What you have to do. Every line from the top of the material through the line holding "Oasy Snack Pollo" should be copied exactly, and only those lines.

Data to examine.
◇ ◇ ◇ ◇ ◇

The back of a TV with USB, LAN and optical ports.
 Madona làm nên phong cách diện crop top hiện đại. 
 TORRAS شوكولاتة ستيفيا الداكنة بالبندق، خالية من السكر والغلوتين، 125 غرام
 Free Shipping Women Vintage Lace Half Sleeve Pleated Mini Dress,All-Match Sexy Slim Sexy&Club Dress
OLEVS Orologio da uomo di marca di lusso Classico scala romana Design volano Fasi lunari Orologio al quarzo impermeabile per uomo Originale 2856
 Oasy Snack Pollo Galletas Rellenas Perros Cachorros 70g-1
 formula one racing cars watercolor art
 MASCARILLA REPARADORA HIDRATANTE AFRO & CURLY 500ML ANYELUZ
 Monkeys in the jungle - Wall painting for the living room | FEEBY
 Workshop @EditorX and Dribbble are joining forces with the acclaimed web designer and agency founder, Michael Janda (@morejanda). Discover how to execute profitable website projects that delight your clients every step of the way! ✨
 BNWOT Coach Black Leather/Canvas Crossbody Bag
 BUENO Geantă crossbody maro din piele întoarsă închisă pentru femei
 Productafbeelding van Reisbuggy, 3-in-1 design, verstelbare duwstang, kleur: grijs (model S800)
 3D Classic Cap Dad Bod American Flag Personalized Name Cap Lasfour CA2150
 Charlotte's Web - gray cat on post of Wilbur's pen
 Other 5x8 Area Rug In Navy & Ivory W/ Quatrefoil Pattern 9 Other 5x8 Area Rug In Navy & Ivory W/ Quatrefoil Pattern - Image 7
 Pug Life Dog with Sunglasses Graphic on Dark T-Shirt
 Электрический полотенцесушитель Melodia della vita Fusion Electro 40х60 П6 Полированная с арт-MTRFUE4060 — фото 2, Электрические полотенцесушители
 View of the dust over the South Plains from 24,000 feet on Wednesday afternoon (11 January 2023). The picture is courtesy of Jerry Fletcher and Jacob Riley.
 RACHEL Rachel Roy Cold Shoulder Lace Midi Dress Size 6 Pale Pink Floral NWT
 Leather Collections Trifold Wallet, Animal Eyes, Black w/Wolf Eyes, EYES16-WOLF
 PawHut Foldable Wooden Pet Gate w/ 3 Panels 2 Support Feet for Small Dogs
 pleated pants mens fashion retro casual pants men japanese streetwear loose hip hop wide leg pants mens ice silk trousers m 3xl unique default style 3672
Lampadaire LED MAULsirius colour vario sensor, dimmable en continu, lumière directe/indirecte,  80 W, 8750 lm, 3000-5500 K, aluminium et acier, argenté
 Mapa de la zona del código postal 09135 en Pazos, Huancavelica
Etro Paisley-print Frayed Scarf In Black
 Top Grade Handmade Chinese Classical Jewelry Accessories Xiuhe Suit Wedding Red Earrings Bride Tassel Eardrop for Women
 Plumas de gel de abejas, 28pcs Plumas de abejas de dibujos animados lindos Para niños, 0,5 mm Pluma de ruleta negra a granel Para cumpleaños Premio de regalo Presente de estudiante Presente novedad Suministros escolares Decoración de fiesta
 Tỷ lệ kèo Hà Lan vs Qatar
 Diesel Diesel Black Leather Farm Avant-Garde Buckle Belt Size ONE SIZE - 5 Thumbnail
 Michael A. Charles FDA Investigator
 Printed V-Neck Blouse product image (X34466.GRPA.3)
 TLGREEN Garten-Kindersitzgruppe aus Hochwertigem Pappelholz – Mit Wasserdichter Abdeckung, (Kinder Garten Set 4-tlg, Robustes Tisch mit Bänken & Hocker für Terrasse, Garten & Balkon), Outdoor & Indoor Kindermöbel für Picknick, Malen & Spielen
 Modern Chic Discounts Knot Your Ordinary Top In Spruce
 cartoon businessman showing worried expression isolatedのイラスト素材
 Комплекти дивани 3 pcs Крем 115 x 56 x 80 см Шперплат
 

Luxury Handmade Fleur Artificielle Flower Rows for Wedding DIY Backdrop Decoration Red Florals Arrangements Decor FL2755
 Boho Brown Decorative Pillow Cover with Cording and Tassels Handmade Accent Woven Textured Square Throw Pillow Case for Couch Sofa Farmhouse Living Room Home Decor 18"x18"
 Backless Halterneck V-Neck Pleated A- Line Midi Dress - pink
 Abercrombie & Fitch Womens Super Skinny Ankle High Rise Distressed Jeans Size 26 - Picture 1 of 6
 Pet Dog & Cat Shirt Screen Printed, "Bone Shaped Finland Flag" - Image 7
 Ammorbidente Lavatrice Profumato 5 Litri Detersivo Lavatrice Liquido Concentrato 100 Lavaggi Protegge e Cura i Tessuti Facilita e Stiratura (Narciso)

◇ ◇ ◇ ◇ ◇

Response area.
The back of a TV with USB, LAN and optical ports.
 Madona làm nên phong cách diện crop top hiện đại. 
 TORRAS شوكولاتة ستيفيا الداكنة بالبندق، خالية من السكر والغلوتين، 125 غرام
 Free Shipping Women Vintage Lace Half Sleeve Pleated Mini Dress,All-Match Sexy Slim Sexy&Club Dress
OLEVS Orologio da uomo di marca di lusso Classico scala romana Design volano Fasi lunari Orologio al quarzo impermeabile per uomo Originale 2856
 Oasy Snack Pollo Galletas Rellenas Perros Cachorros 70g-1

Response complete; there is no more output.